- [Excerpted records]:
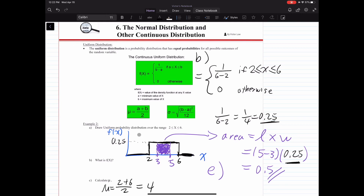When we're drawing the uniform distribution, we have x on the x-axis and f(x) on the y-axis. This is a rectangular shape because of equal probability — all events have equal probability. Since x is between 2 and 6, we have the 2 and the 6 marked, and x is between these two numbers.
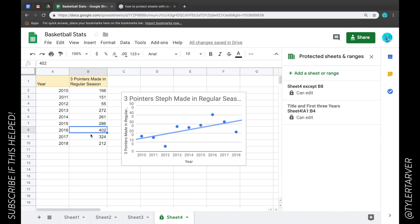Everybody can change anything on here except they can only change B8. So they can go in and change that number. There you go — you learned how to protect the sheet and ranges. Hope you learned something today. Always be learning out there. This is Tyler, Tarver Academy — y'all have the best day.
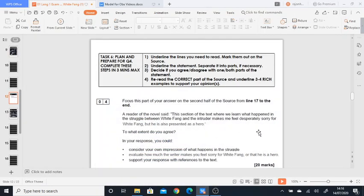Hi, it ends. So we now move on to question 4, which is about another evaluation question. This question starts off by asking you to focus this part of your answer on the second half of the source from line 17 to the end. So in contrast to question 3, which asks you to look at the whole text, this asks you to focus again on this part of the text, maybe the second half.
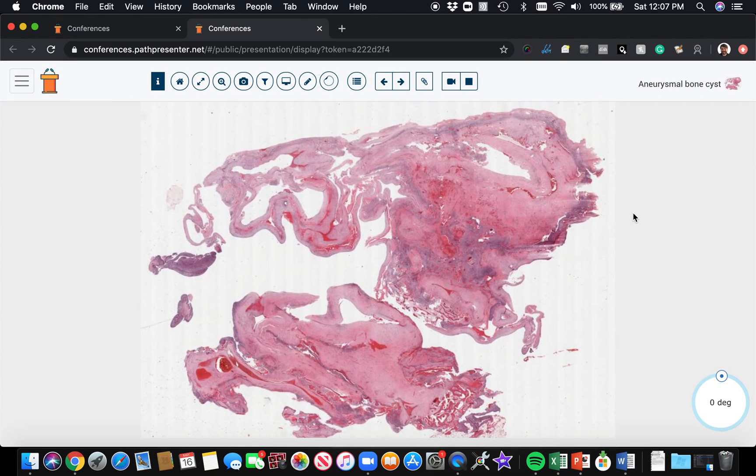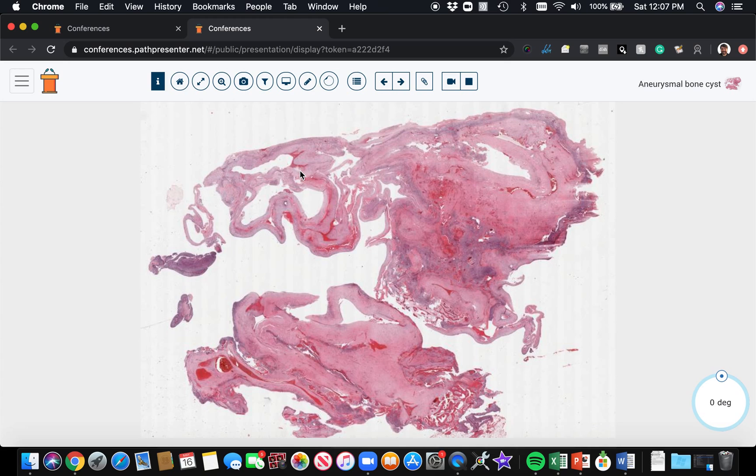Now let's go back to bone for a second. This is an example of aneurysmal bone cyst, and I wanted to talk about it here because surprisingly it seems like there may be some sort of relationship between aneurysmal bone cyst and nodular fasciitis.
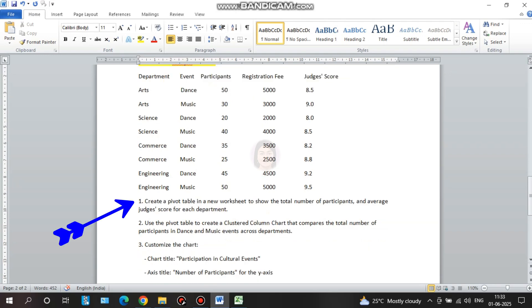Create a pivot table in a new worksheet to show the total number of participants and average judges score for each department. This covers the art, science, commerce, and engineering departments.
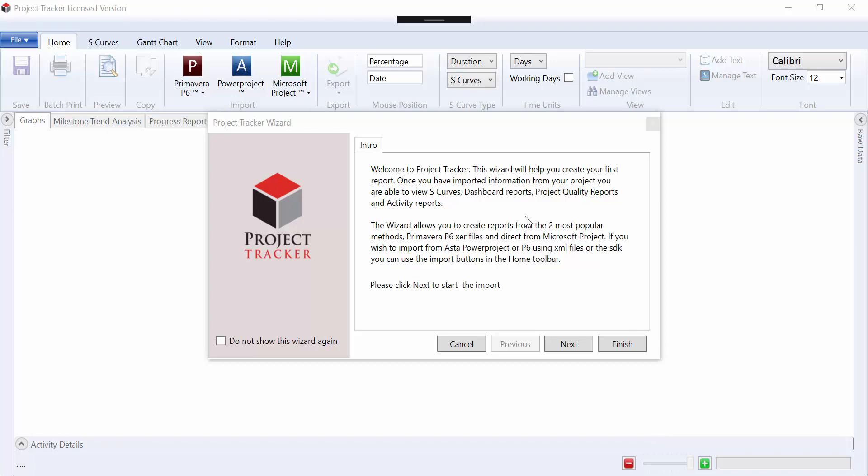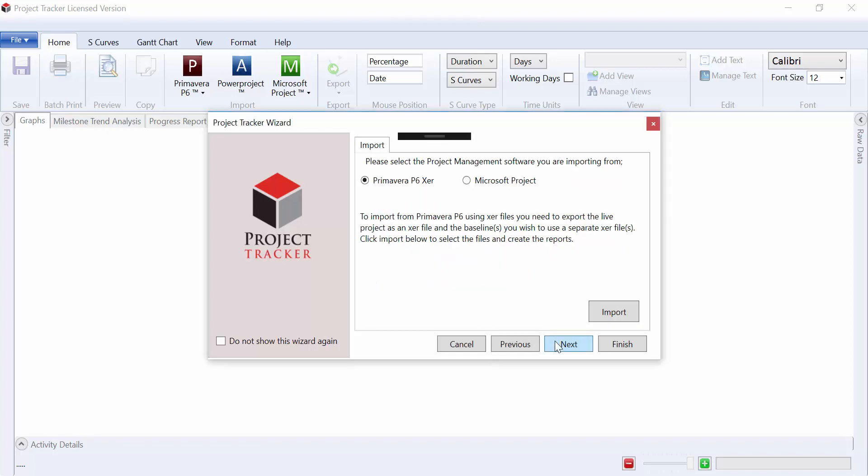This can either be done via the wizard or off of the toolbar. Just using the wizard to start with, we'll select Next, Primavera P6 XER, and click on Import.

- [Your objective]:
Retype each entry precisely. Skip images entirely.

- [Task output]:
When we're drawing the uniform distribution, we have x on the x-axis and f(x) on the y-axis. This is a rectangular shape because of equal probability — all events have equal probability. Since x is between 2 and 6, we have the 2 and the 6 marked, and x is between these two numbers.
Everybody can change anything on here except they can only change B8. So they can go in and change that number. There you go — you learned how to protect the sheet and ranges. Hope you learned something today. Always be learning out there. This is Tyler, Tarver Academy — y'all have the best day.
Hi, it ends. So we now move on to question 4, which is about another evaluation question. This question starts off by asking you to focus this part of your answer on the second half of the source from line 17 to the end. So in contrast to question 3, which asks you to look at the whole text, this asks you to focus again on this part of the text, maybe the second half.
Now let's go back to bone for a second. This is an example of aneurysmal bone cyst, and I wanted to talk about it here because surprisingly it seems like there may be some sort of relationship between aneurysmal bone cyst and nodular fasciitis.
Create a pivot table in a new worksheet to show the total number of participants and average judges score for each department. This covers the art, science, commerce, and engineering departments.
This can either be done via the wizard or off of the toolbar. Just using the wizard to start with, we'll select Next, Primavera P6 XER, and click on Import.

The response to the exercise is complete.